YOUR OBJECTIVE – Your answer is to be the exact text of the lines from the one containing "Red clouds are" through the final line of the entries, restated in full, with pictures omitted.

[Captioned web image data]
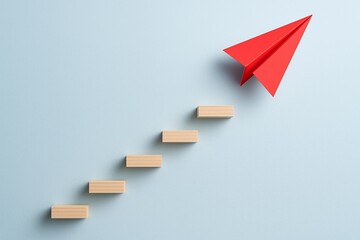 Red paper airplane ascends wooden block steps on blue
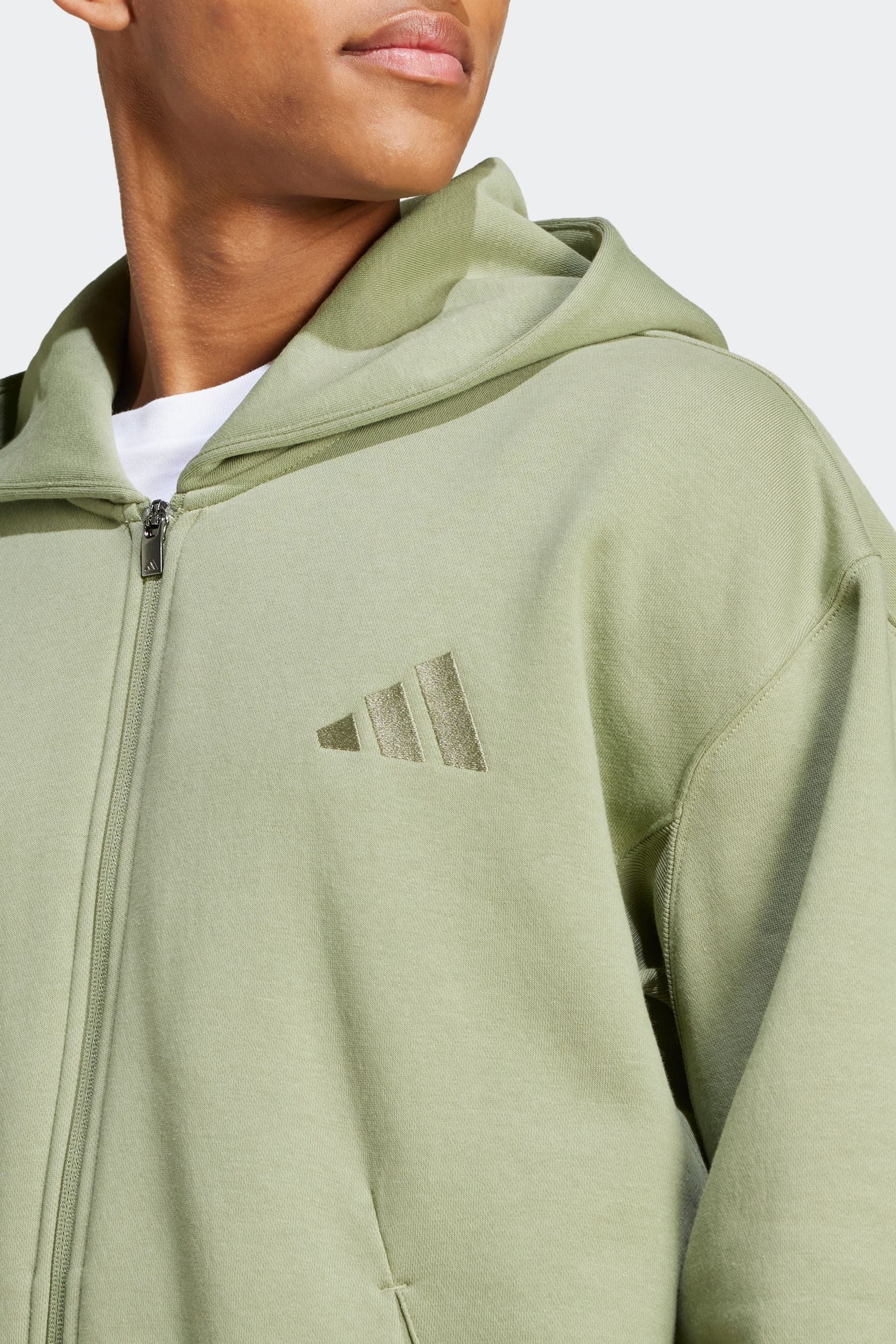 Adidas olive green hoodie 2025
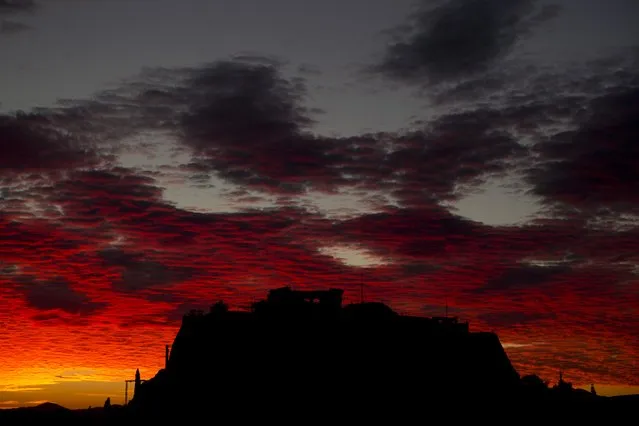 Red clouds are seen over the ancient Acropolis hill as the sun sets in the city of Athens, Tuesday, November 3, 2015. (Photo by Petros Giannakouris/AP Photo)
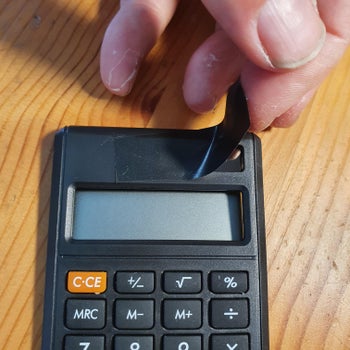 Remove Battery From Caculator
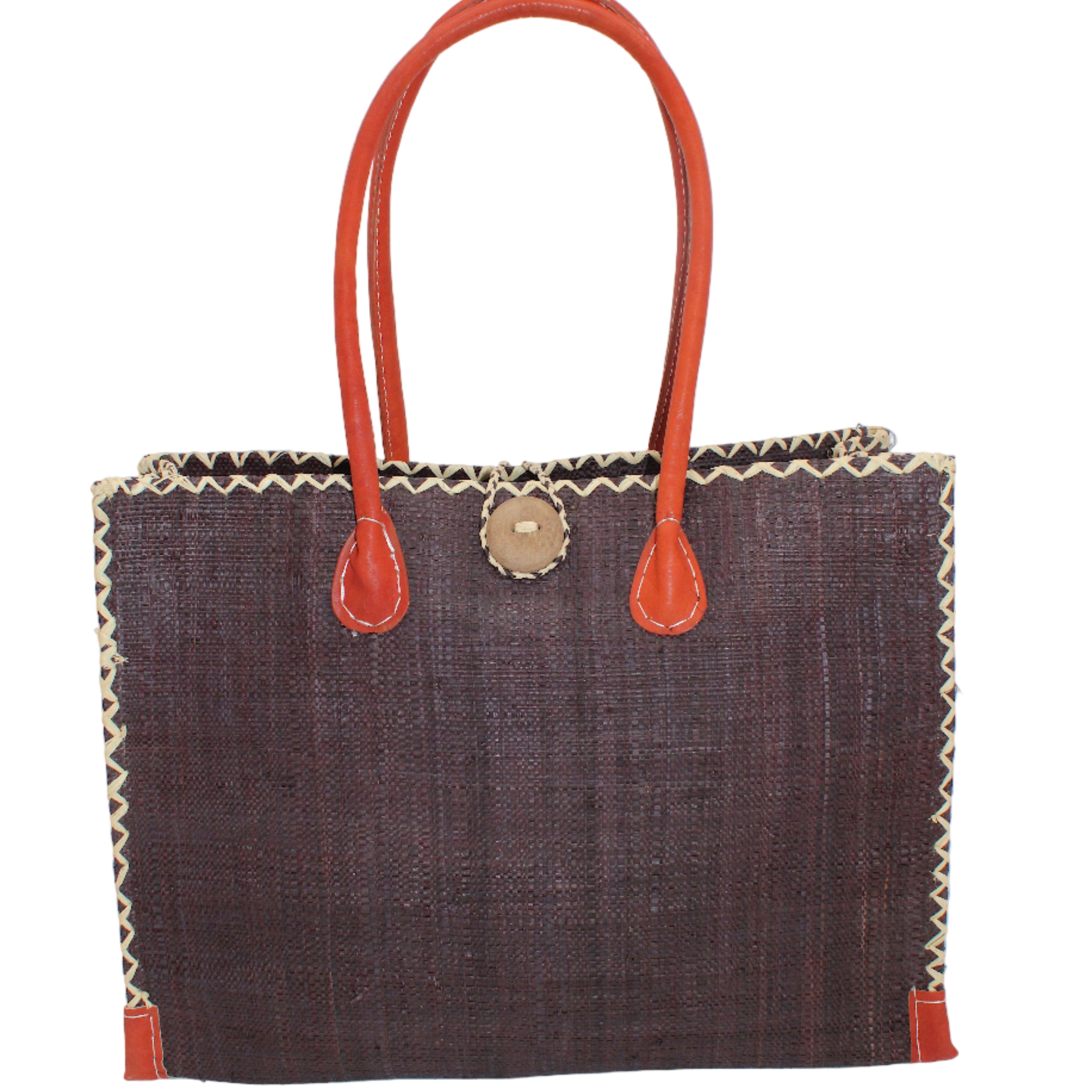 Zafran Straw Beach Bag with Plastic Liner handmade loomed raffia in a solid hue of Mocha dark/chocolate/brown with contrasting natural straw color cross stitch edge binding, wood button closure, and leather handles & feet plus assorted print plastic lining - Shebobo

EXERCISE RESULT –
 Red clouds are seen over the ancient Acropolis hill as the sun sets in the city of Athens, Tuesday, November 3, 2015. (Photo by Petros Giannakouris/AP Photo)
 Remove Battery From Caculator
 Zafran Straw Beach Bag with Plastic Liner handmade loomed raffia in a solid hue of Mocha dark/chocolate/brown with contrasting natural straw color cross stitch edge binding, wood button closure, and leather handles & feet plus assorted print plastic lining - Shebobo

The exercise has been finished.